Hazelnut and Chocolate Chip Cookie Recipe
The humble chocolate chip cookie can be taking to dizzying new heights when you introduce single origin craft chocolate. This simple and delicious recipe was created for us by Grainne Kerr, a talented local pastry chef and chocolatier who currently works at both Baron Hasselhoff's and Grace Patisserie. This recipe uses the Chocolat Madagascar 65% bar (featured in the month's subscription boxes), but you can play around with different chocolate and find what works best for you. Enjoy!
300g plain flour
4g Bicarbonate soda
4g baking powder
170g unsalted butter
190g brown sugar
130g castor sugar
200g chopped hazelnuts
1. Cream butter and sugars together until the mix has softened and slightly lightened.
2. Add egg to butter mix and combine.
3. Add dry ingredients, nuts and chocolate to the mixture and mix well to fully incorporate.

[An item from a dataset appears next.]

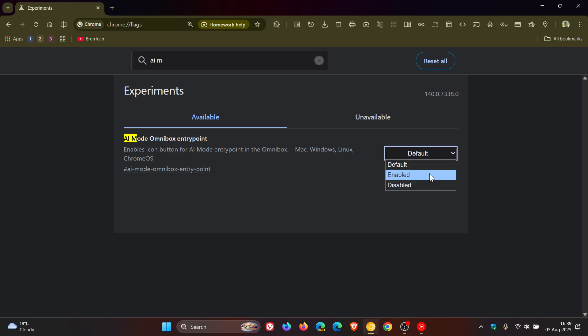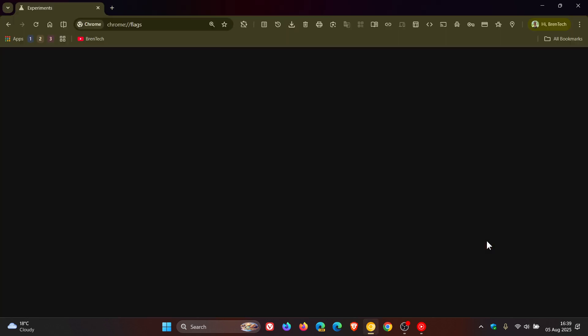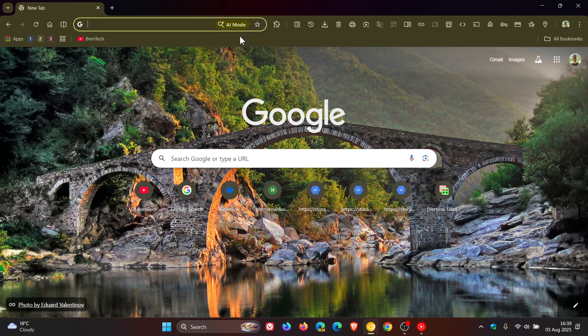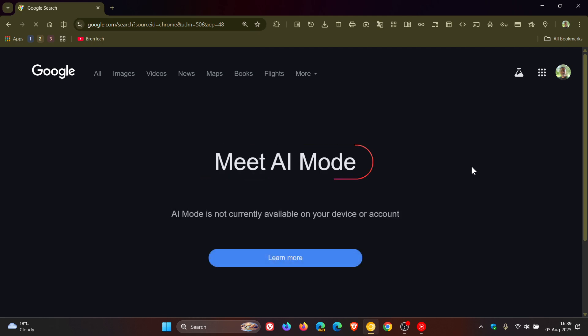Change it from default to enabled and relaunch the browser to apply that flag. Now you'll see if I head back to my Omnibox, I now have AR mode. If I click on that, it says 'Meet AR mode,' which basically lets you search using AR mode — but it's not available in my region. As mentioned, it's only rolling out to a few regions like the US and India currently.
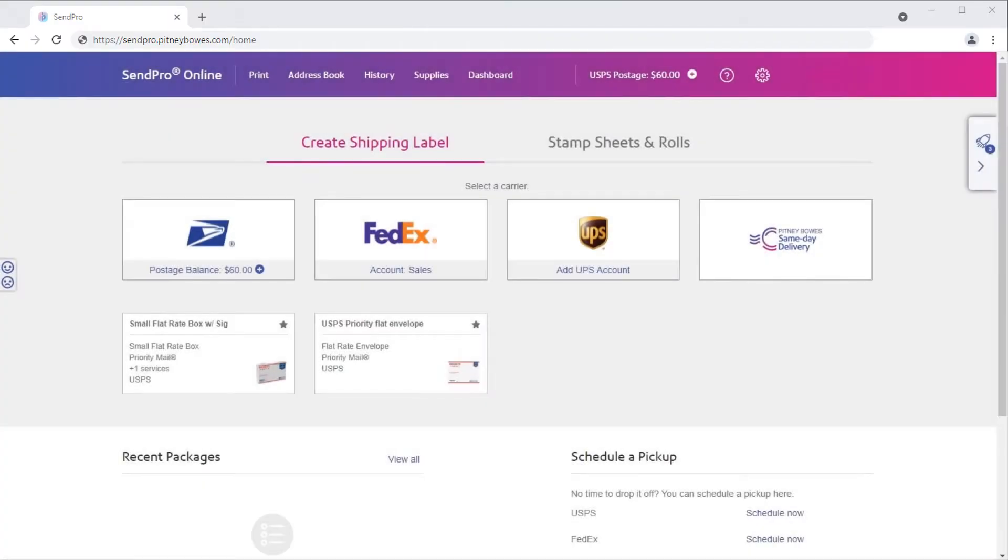In SendPro Online, you can add multiple cost accounts. You can track how you spend your postage funds by assigning shipping labels, postage refills, and stamps to certain cost accounts.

4. Weigh out dough to 45-50g balls. You should get roughly 24 portions.
5. Cook by placing dough on a lined baking tray, keeping dough about 6cm apart from one another to allow for spreading. Cook at 170°C for 10mins. Slightly less if you prefer a chewy cookie, or longer if you like a crunchy one (like me).
Pro tip: if your cookies need a little help to spread during cooking, you can press down on them with a flat bottom cup or small plate.
Thanks so much to Grainne Kerr for creating this amazing recipe for us!